Music appears to have a motivating effect on the kids as well. Students felt like they physically exerted themselves more when music was playing.
"When the music is on, I just feel like dancing all the time," said one female student whom researchers interviewed. Another student felt that the music got him "pumped up," and helped him to work harder.
The type of music you play makes a difference. Barney found that it's best to play contemporary songs with 120 to 160 beats per minute.
"My son is a fourth grader so I sat him down and played some music for him," Barney said, "and he would say 'No, not that one,' or 'Oh yeah we like that one.' We then tested it out, and the kids responded best to songs they recognized artists like One Direction, Taylor Swift and whoever else is popular."
Publicly picking teams
Barney also recently published a study in The Physical Educator addressing the practice of publicly picking teams with junior high boys. He observed that the awkward practice doesn't necessarily influence the outcome of the game itself, but it can have a deep emotional impact on students individually.
"A lot of the kids we interviewed basically said, 'I don't like it, but since the teacher's doing it, fine, whatever, let's get this over with,'" Barney said. "That doesn't build a lot of confidence. Nobody leaves class saying, 'That was awesome, I got picked last.'"
Publicly picking teams has been a practice for so many generations that people assume it's the status quo. The practice has remained and continues to have a negative associative effect on children.
"You could pick teams for basketball and in two days the kids won't remember who won," Barney said. "But they remember how they felt, they remember that they were picked last."
Barney proposes that privately picking teams should be the preferred alternative, one that circumvents publicly shaming students. When gym teachers pick the teams themselves, students are able to expand their circle of friends, they don't feel ashamed or excluded and teams can be more fair. Students can base their success off of their own improvement rather than basing it off when they were picked for a team.

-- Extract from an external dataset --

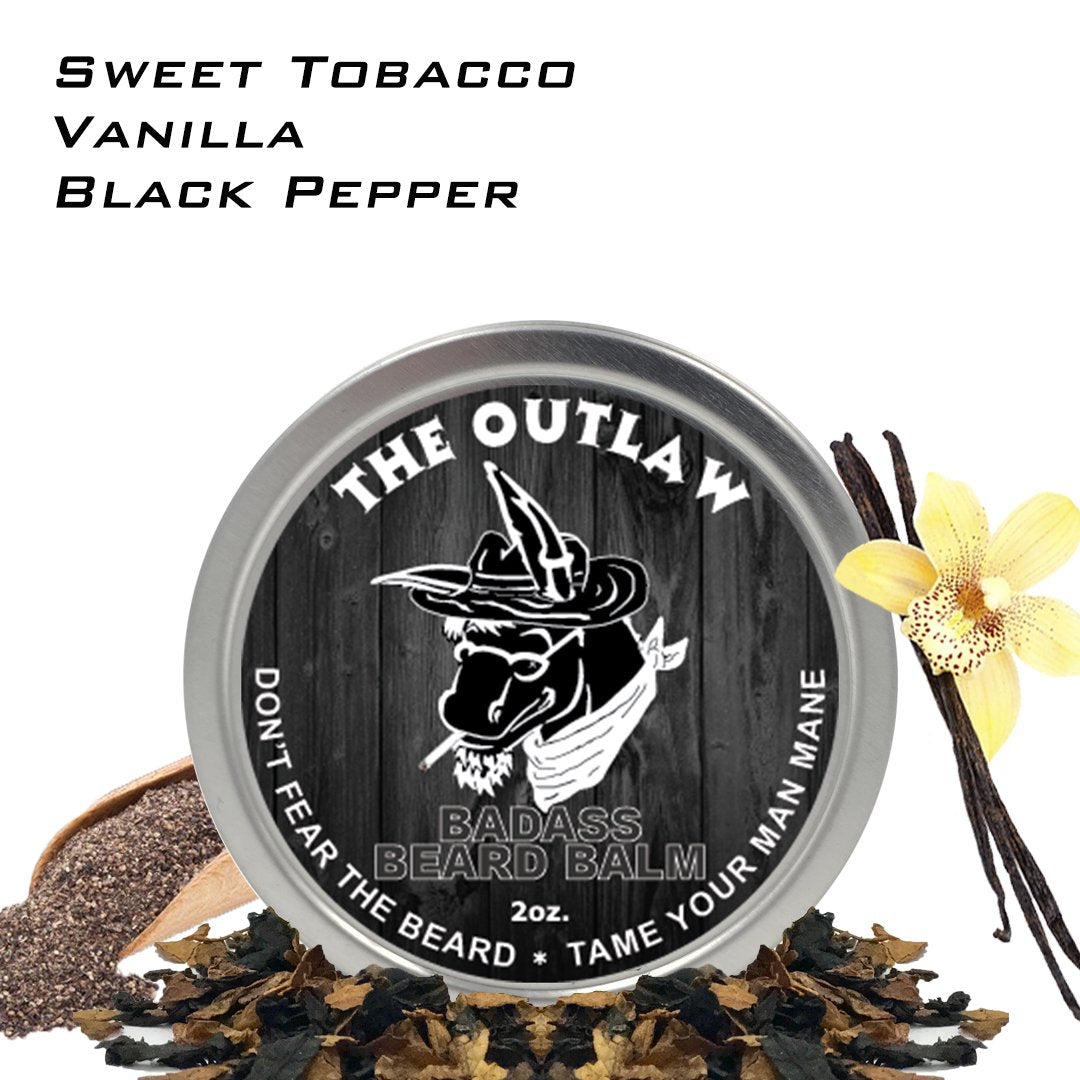 Badass Beard Care Beard Balm For Men - The Outlaw Scent, 2 oz - All Natural Ingredients, Soften Hair, Hydrate Skin to Get Rid of Itch and Dandruff, Promote Healthy Growth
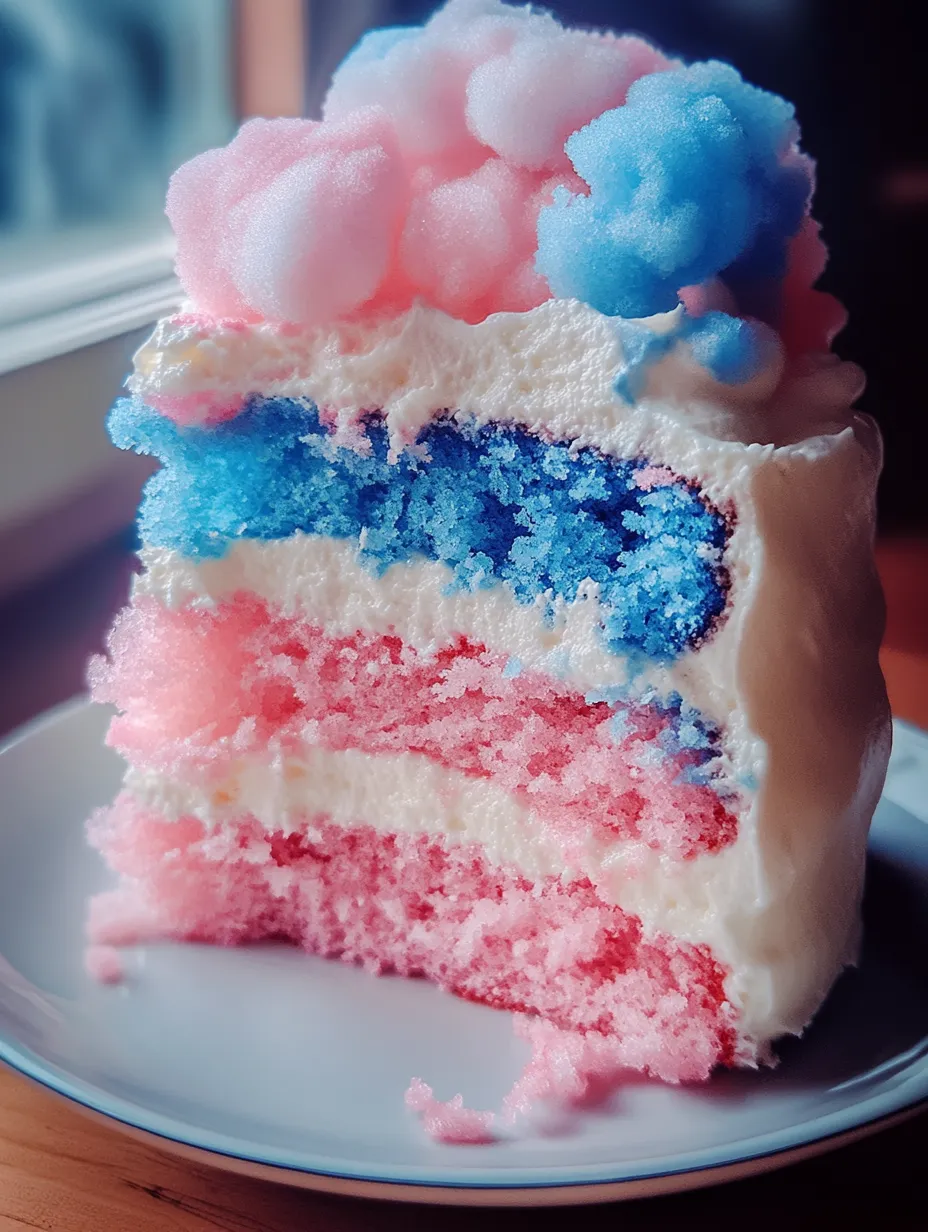Stück Kuchen mit roter, weißer und blauer Creme.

"You save so much time when you privately pick teams," Barney said. "That's the kicker. We've seen again and again how much time is wasted going around and picking teams rather than just letting the kids go out and play."
Barney's hope is that music and privately picking teams can help create positive associations with physical fitness that will help kids develop a lifelong commitment to physical health — the ultimate goal of physical education classes.
Next in Barney's P.E. research, he's going to try to work backward, interviewing active seniors to try and identify early experiences that encouraged them to remain active throughout their lives.